MATERIAL PROVIDED -
- - - - - - -

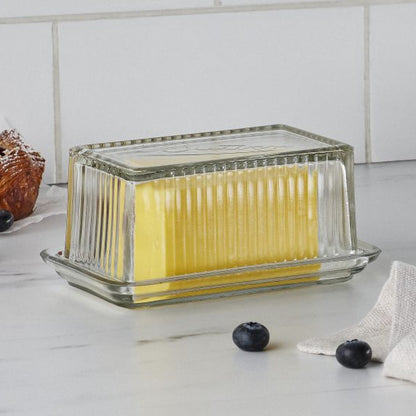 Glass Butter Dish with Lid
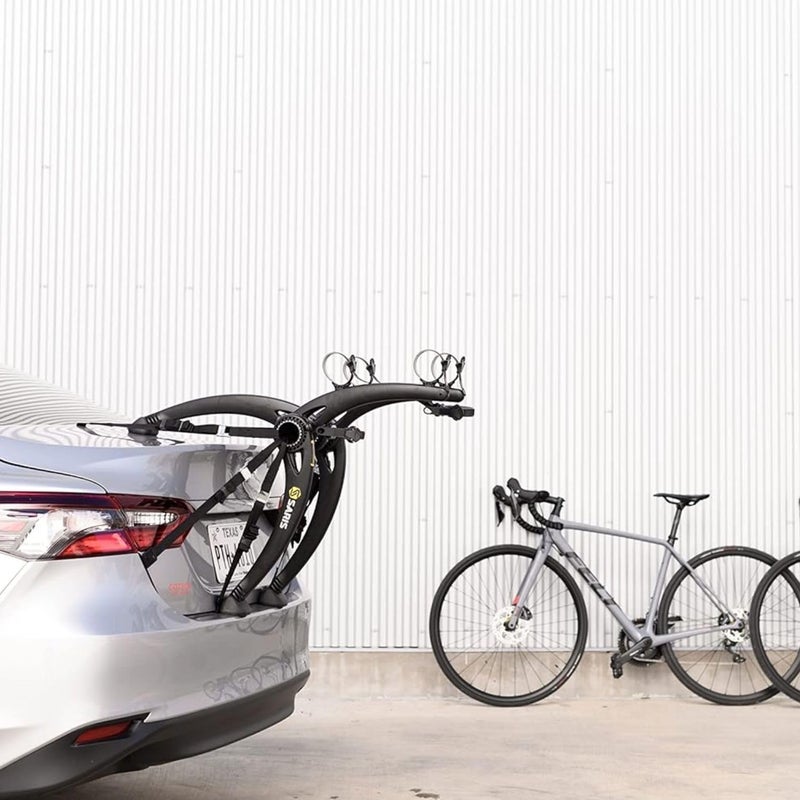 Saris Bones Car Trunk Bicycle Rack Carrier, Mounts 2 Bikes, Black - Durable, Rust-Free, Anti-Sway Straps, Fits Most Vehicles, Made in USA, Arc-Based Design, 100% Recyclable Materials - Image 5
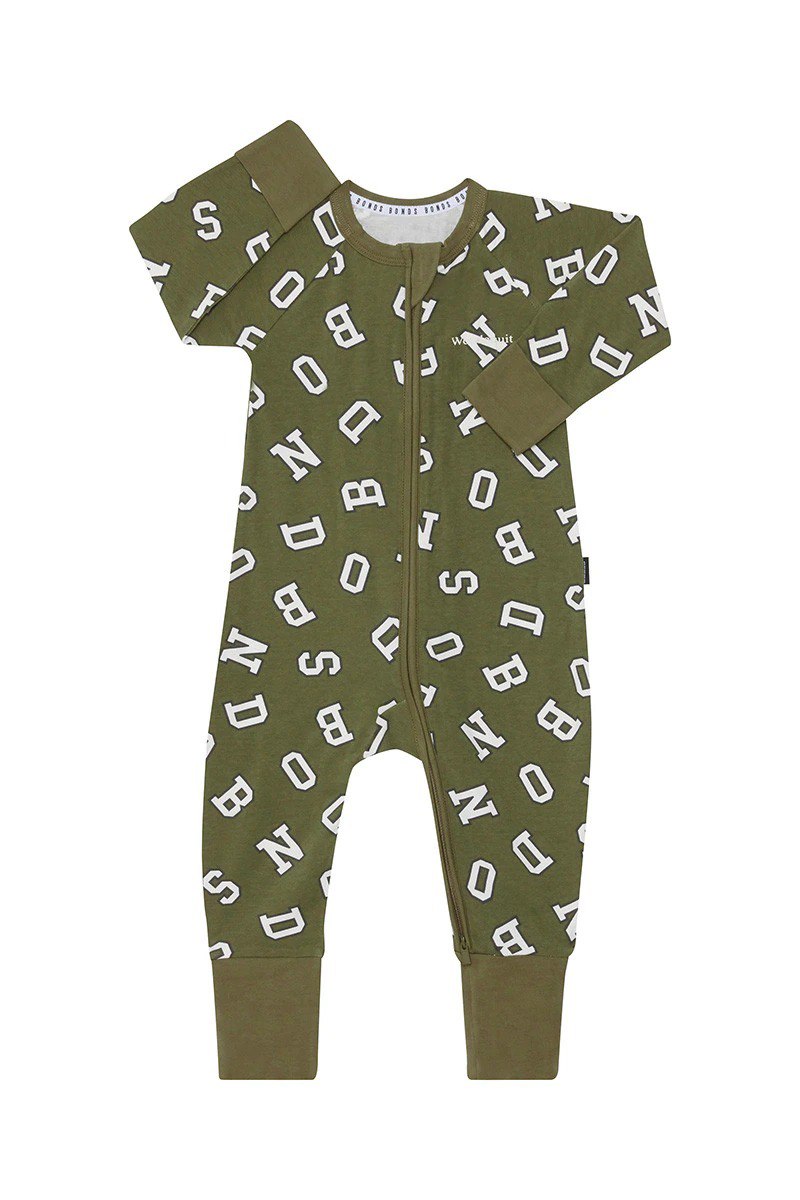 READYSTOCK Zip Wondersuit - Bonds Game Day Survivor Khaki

- - - - - - -

THE TASK - The job is to return the listing above exactly, minus its pictures.

EXERCISE ANSWER -
 Glass Butter Dish with Lid
 Saris Bones Car Trunk Bicycle Rack Carrier, Mounts 2 Bikes, Black - Durable, Rust-Free, Anti-Sway Straps, Fits Most Vehicles, Made in USA, Arc-Based Design, 100% Recyclable Materials - Image 5
 READYSTOCK Zip Wondersuit - Bonds Game Day Survivor Khaki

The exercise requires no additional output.